5.04 Facility of Payment. If any recipient of benefits is, in the judgment of the Corporation, legally incapable of personally receiving and giving a valid receipt for any payment due him under the Plan, the Corporation may, unless and until claims shall have been made by a duly appointed guardian or committee of such person, make such payment or any part thereof to such persons spouse, children, or other legal entity deemed by the Corporation to have incurred expenses or assumed responsibility for the expenses of such person. Any payment so made shall be a complete discharge of any liability under the Plan for such payment.
5.05 Discretionary Payment of Benefits. In any instance in which the Corporation in its sole and uncontrolled discretion believes such action to be in the best interest of the party entitled to receive any payment provided by this Plan, or to be in the best interests of the Corporation, amounts payable in installments pursuant to the provisions of this Plan may be paid in a single lump sum, the amount of which shall be of Actuarial Equivalent Value to the benefits for which the lump sum is to be substituted. It is intended by this Section 5.05 to vest the Corporation with full discretion to administer this Plan and to determine when and under what circumstances deviations which accelerate payments are necessary, desirable, or appropriate; and the Corporation shall have full power to authorize such deviations as regards each payee separately.
5.06 Obligation to Pay Amounts Hereunder.
5.07 Administration. To the extent consistent with the purposes and provisions of this Plan and as may be deemed necessary or advisable in the best judgment of the Corporation, the Plan shall be operated under the Administrative and General Provisions of the Defined Benefit Plans.
The Corporation shall make all determinations as to the right of any person to a benefit. Any denial by the Corporation of a claim for benefits under the Plan by a Participant shall be stated in writing by the Corporation and delivered or mailed to such individual. Such notice shall set forth the specific reasons for the denial, the specific reference to the provisions of the Plan on which the denial is based, a description of any additional material or information necessary to perfect the claim, an explanation of why such material or information is necessary, and the right to appeal a denial of the claim, for a full and fair review provided that a written request is made therefore within seventy-five (75) days after receipt of written notice of the denial of the claim, all in readily understandable language. Pertinent documents may be reviewed and issues and comments submitted in writing to the Corporation. If an appeal shall be made, the final decision shall be made within a period of sixty (60) days following receipt of the appeal, unless special circumstances require an extension of time for processing, in which case the decision shall be rendered as soon as possible, but not later than one hundred twenty (120) days after receipt of such appeal.

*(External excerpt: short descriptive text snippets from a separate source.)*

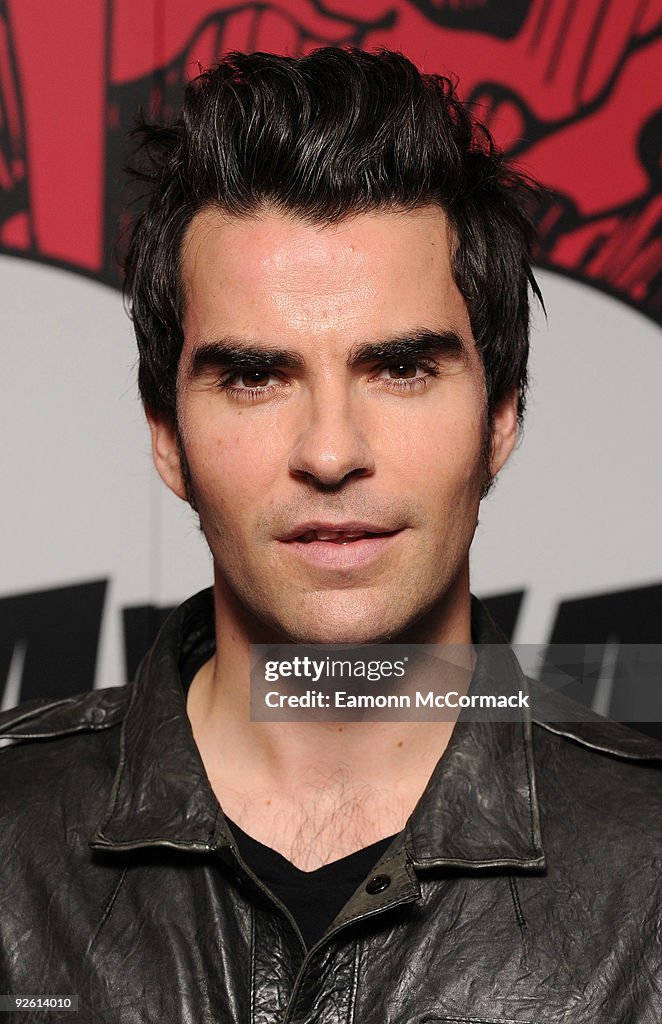 Music Industry Trusts' Awards 2009 - Arrivals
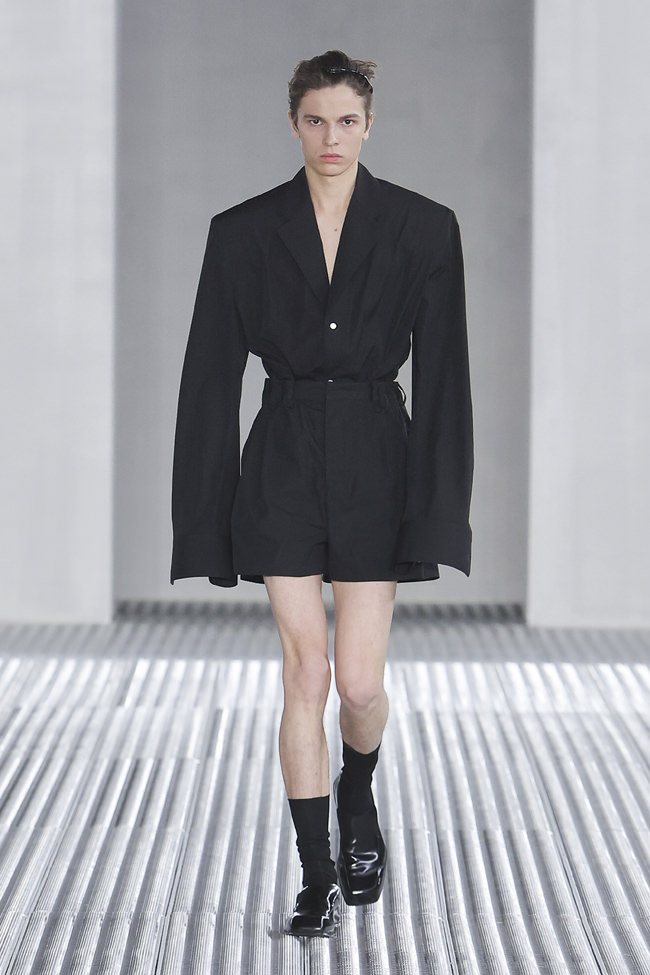 Prada Spring 2024 Menswear Collection - Tom + Lorenzo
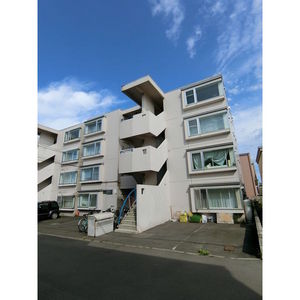 建物外観　敷金・礼金不要で契約可能です☆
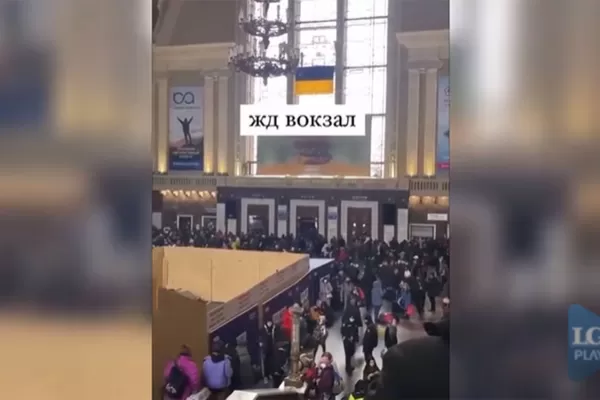 Video: Una multitud buscó el tren para dejar Kiev tras los avances rusos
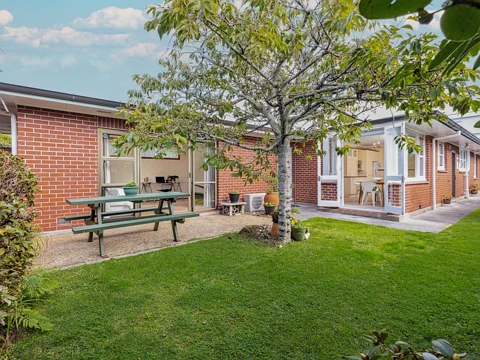 Epsom 4部屋 Classic Charm Meets Potential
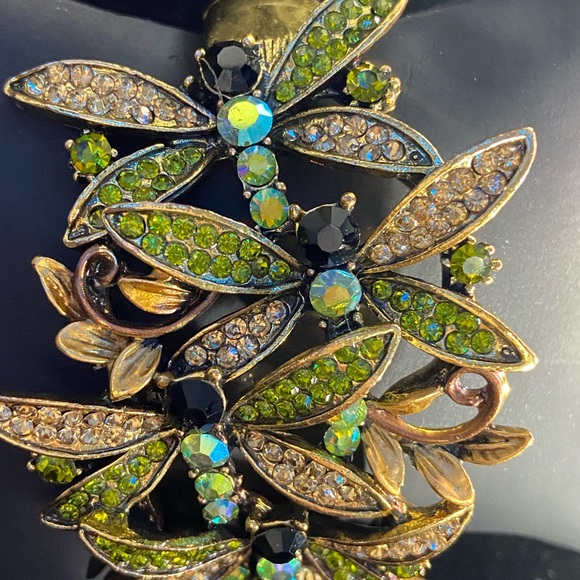 Dragonfly Bangle - Picture 7 of 8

Unless otherwise provided by the Corporation, the Corporations Employee Benefit Appeals Committee shall rule in place of the Corporation and the Committees ruling shall be the final decision of the Corporation. Benefits shall be paid under the Plan only if the Corporation or Corporations Employee Benefit Appeals Committee in its sole discretion, determines that a Participant is entitled to them. There shall be no duplication of benefits between this Plan and its Appendices and any other plan or agreement with the Corporation or its Subsidiaries for the same period of service unless otherwise specifically stated in the Plan, Appendices or such other plan or agreement.